Fausto Pucheta Fortin
Data Enthusiast | Data Practitioner
Telecom Customer Churn Prediction
An end to end ML Project
Overview
The project follows a modularized and systematic approach, emphasizing clarity, maintainability, and collaborative development. The iterative nature of the project ensures that it evolves based on insights gained during exploratory data analysis and model training.
Dataset Used
Unfortunately, this dataset is no longer available on Kaggle. You can still download the zip file below:
Dataset Overview:
Columns: 12
Categorical Variables: 'Gender', 'Subscription Type', 'Contract Length'
Continuous Variables: 'CustomerID', 'Age', 'Tenure', 'Usage Frequency', 'Support Calls', 'Payment Delay', 'Total Spend', 'Last Interaction'
Target Variable: Churn
Memory Usage: 50.1+ MB
Outliers: None.
Null Values: 0,00198% evenly distributed across all columns.
Class Imbalance: None.
Proportion of target variable:
44,5% (No churn)
55.5% (Churn)
Key Highlights
Exploratory data analysis to uncover patterns and features influencing customer churn.

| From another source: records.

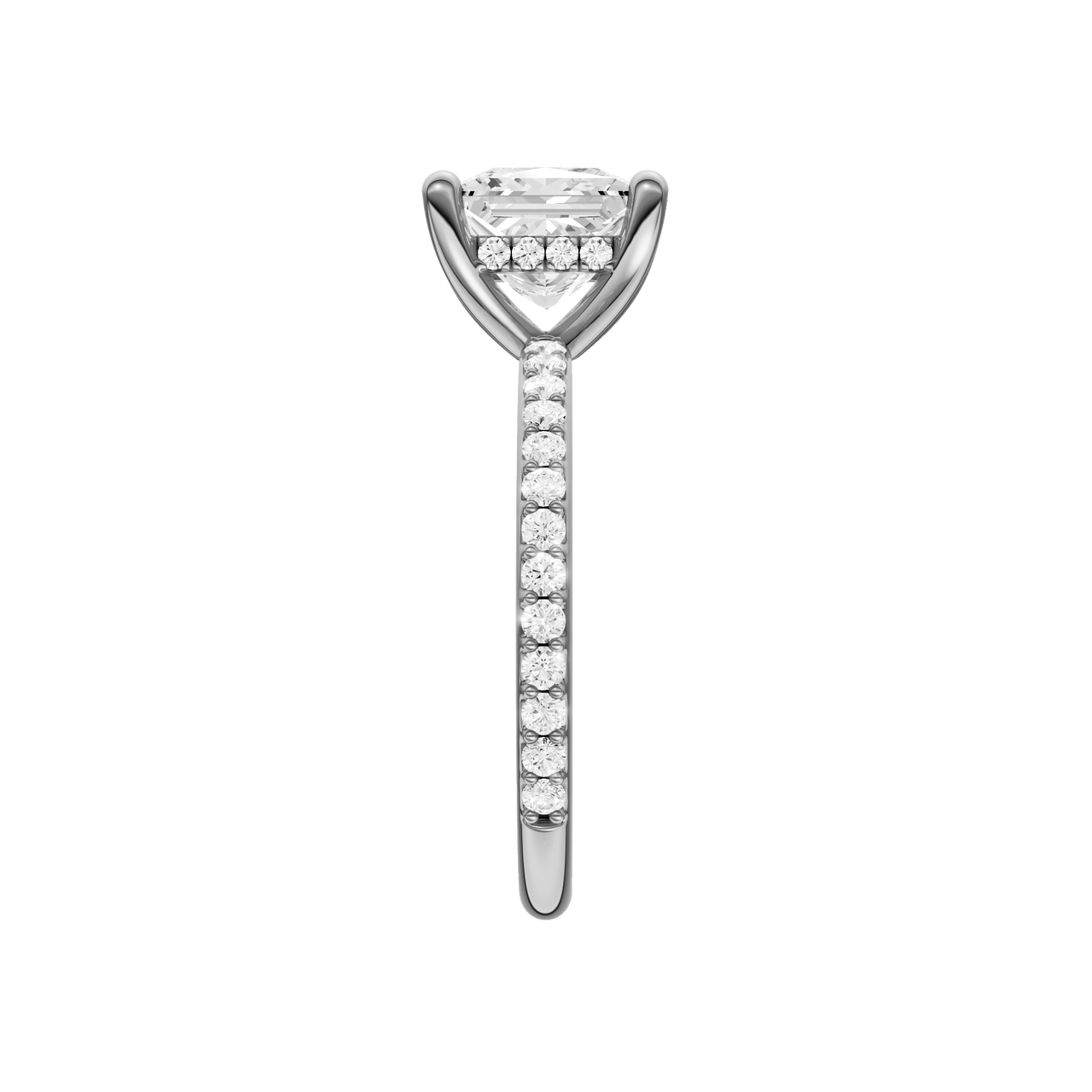 A side view of the Princess cut diamond engagement ring in platinum with a prong diamond band and cathedral setting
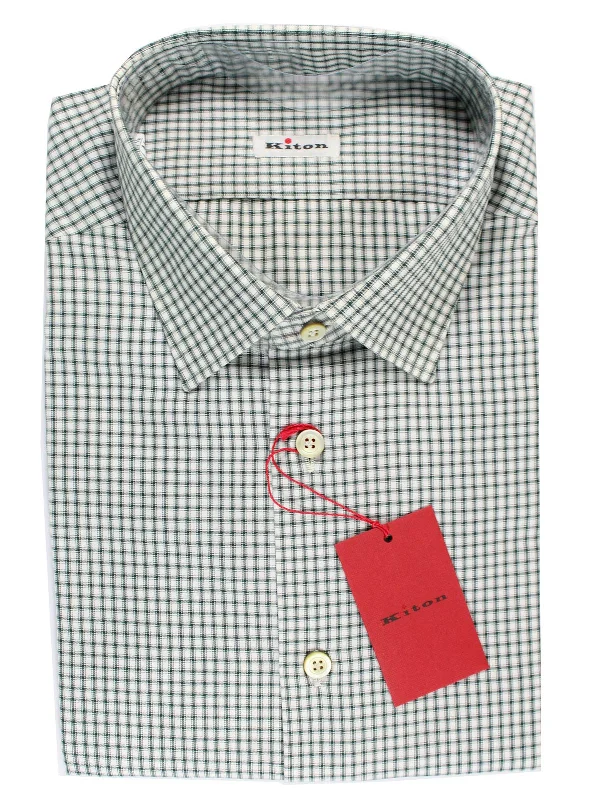 Kiton Dress Shirt White Green Check 36 - 14 SALE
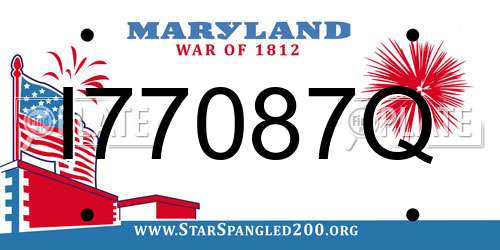 I77087Q Maryland License Plate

Feature engineering and selection to create predictive indicators.
Model training and selection based on Precision Score using Randomized Search CV, Cross-Validation, and Hyperparameter tuning.
Feature importance analysis for further iterations.
Model Characteristics
The model for this project is an XGBoostClassifier, and it was chosen by iterating and experimenting with RandomizedSearchCV, Cross-validation, and Hyperparameter tuning.
It delivers high precision and a strong ROC AUC score. (0.928 for Precision-Recall Curve and 0.920 for ROC Curve)
The top features influencing churn are 'high_support_calls', 'low_spender', and 'high_payment_delay'.
Flask App
By running the app.py script users can interact with the ML algorithm:
Issue & Limitations
While this project serves primarily as an educational endeavor, certain industry-standard practices remain unaddressed.
Notably, the absence of a well-designed Continuous Integration/Continuous Deployment (CI/CD) pipeline using GitHub actions limits exposure to crucial practices for real-world development workflows.
Additionally, a robust deployment strategy for the predictive model is lacking, preventing the transition from development to production. These omissions limit the project's agility, hindering the implementation of real-time updates and model utilization in operational environments.
Addressing these aspects would further align the project with best practices in the data science and machine learning industry.